We need a social safety net to avoid grinding poverty, and more gov't rewards for good behaving people living in those poor areas w/o kids, as well as more gov't rewards for being married.
I've become a bigger spending Republican - wanting the gov't to subsidize good behavior more than rewarding sub-optimal (/immoral) behavior. With gov't benefits based on behavior, not identity.
I read this because of receiving a notification on my telephone . I quickly read it (distraction mode) and have instantly forgotten anything of value if there was anything of value here. Next...
Well said. I think religion itself doesn't need to change, it just needs a good rebranding. Religion contains the secret recipe that gives meaning and purpose to existence. It's humanity's outlet for the spiritual dimension in life. Unfortunately it just has a bad rep because it so often gets passed down as an obligation instead of an opportunity, and is portrayed as oppressive instead of as an enhancement to life.
OMG. The answer is in front of you. We have spent decades discouraging marriage and childbearing - and now we're distressed that it worked?
Both men and women have noticed that there are enormous - and rising - costs to having children, and no material economic benefits. Both have taken notice. Both are much less enthusiastic about children than they used to be.
Women are now able to earn money income. Women are better off than they were: their time is worth more. That makes it more expensive to spend their time on child-raising. This is a global phenomenon: educate women, make their time more valuable, watch birthrates fall. It's not only true because education allows women to avoid childbirth; it's also true because their husbands would also rather see them spend less time raising children!
Meanwhile, culturally we have dramatically raised our standards for acceptable parenting, making it more expensive (in cash terms) and more time-consuming. So many things, from requiring bulky car seats (and therefore three-row vehicles for families with more than two children), to regulation of child care, to stranger-danger-panic leading to supervised playdates and soccer moms and helicopter parenting - often now enforced by child protective services - have increased the cost of children.

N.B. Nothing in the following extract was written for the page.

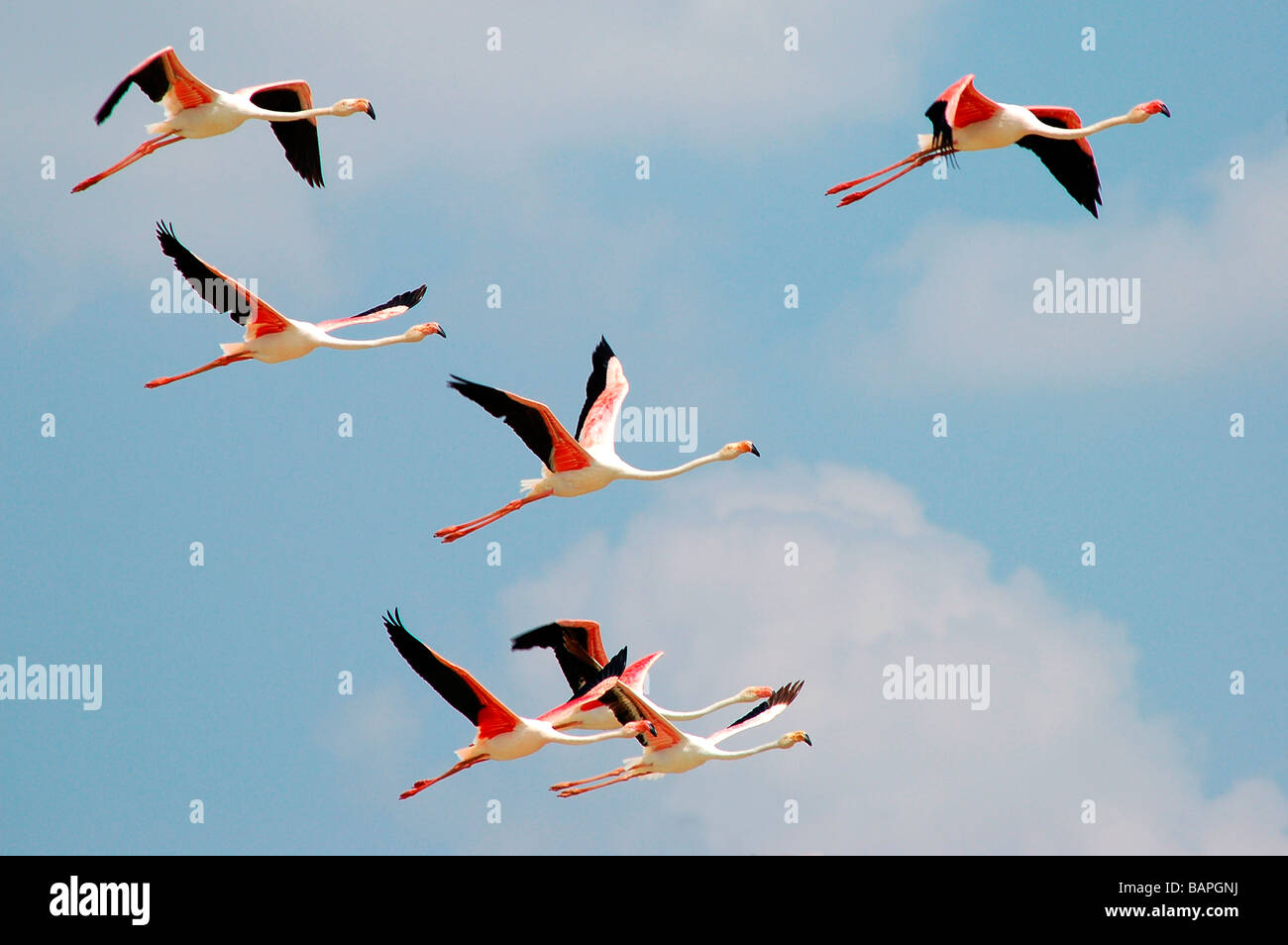 Flamants Roses en koothankulam Thirunelvelli au vol, District, Tamil Nadu Banque D'Images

In an effort to draw women back to marriage and childbearing, legislatures have tried to increase the material benefits of marriage and motherhood. As a result, for much of the past 70 years men have been subject to frankly unconscionable treatment under family laws. This has partly worked: women are more interested in marriage and children today than men are. But, men are more willing than they used to be, to buck the cultural norm rather than continue to be mistreated this way - just as women had begun to do by the early 20th century, a time when family law treated women quite poorly (legislators seem incapable of crafting family law with any notion of fairness).
Even with this abusive treatment of husbands and fathers, the benefits to women have not been enough to produce the desired growth in birthrates. Partly that's because family law attached too much of the benefit for women to marriage rather than childbearing. But, more important is this: there simply isn't enough value available to transfer from men to women, to offset the cost of having women devote so much time to raising children.
The underlying problem is that children cost their parents too much. The rest of us want to see children, to provide for the future society we will depend on. We're going to have to stop assuming that punishing men for marrying and being fathers is going to work (why do we think it would?): we're going to have to pay for children. All the cultural angst and anti-screen panics and religious pining and pro-marriage BS are deflections.
Incentives matter. It's that simple.